Write out each entry, exactly the way it appears.

⁂

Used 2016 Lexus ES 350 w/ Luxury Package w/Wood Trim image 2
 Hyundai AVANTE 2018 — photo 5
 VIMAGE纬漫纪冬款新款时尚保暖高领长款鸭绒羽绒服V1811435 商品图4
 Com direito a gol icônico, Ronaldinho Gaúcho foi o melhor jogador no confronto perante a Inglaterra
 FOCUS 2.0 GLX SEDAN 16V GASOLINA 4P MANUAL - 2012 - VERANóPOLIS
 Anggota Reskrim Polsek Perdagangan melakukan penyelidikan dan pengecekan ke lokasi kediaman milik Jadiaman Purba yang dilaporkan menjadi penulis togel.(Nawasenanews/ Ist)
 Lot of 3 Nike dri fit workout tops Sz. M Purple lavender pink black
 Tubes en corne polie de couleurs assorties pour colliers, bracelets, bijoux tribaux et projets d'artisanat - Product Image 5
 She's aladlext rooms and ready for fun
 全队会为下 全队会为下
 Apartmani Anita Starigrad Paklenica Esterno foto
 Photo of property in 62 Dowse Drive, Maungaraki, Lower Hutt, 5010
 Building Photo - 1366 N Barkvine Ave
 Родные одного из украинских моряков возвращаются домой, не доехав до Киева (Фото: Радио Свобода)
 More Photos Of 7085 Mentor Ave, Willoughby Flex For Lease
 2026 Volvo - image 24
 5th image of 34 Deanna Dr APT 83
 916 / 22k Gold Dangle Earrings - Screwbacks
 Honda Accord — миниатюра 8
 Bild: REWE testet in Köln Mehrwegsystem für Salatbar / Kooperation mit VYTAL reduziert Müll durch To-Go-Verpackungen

⁂

**Exercise response**
Used 2016 Lexus ES 350 w/ Luxury Package w/Wood Trim image 2
 Hyundai AVANTE 2018 — photo 5
 VIMAGE纬漫纪冬款新款时尚保暖高领长款鸭绒羽绒服V1811435 商品图4
 Com direito a gol icônico, Ronaldinho Gaúcho foi o melhor jogador no confronto perante a Inglaterra
 FOCUS 2.0 GLX SEDAN 16V GASOLINA 4P MANUAL - 2012 - VERANóPOLIS
 Anggota Reskrim Polsek Perdagangan melakukan penyelidikan dan pengecekan ke lokasi kediaman milik Jadiaman Purba yang dilaporkan menjadi penulis togel.(Nawasenanews/ Ist)
 Lot of 3 Nike dri fit workout tops Sz. M Purple lavender pink black
 Tubes en corne polie de couleurs assorties pour colliers, bracelets, bijoux tribaux et projets d'artisanat - Product Image 5
 She's aladlext rooms and ready for fun
 全队会为下 全队会为下
 Apartmani Anita Starigrad Paklenica Esterno foto
 Photo of property in 62 Dowse Drive, Maungaraki, Lower Hutt, 5010
 Building Photo - 1366 N Barkvine Ave
 Родные одного из украинских моряков возвращаются домой, не доехав до Киева (Фото: Радио Свобода)
 More Photos Of 7085 Mentor Ave, Willoughby Flex For Lease
 2026 Volvo - image 24
 5th image of 34 Deanna Dr APT 83
 916 / 22k Gold Dangle Earrings - Screwbacks
 Honda Accord — миниатюра 8
 Bild: REWE testet in Köln Mehrwegsystem für Salatbar / Kooperation mit VYTAL reduziert Müll durch To-Go-Verpackungen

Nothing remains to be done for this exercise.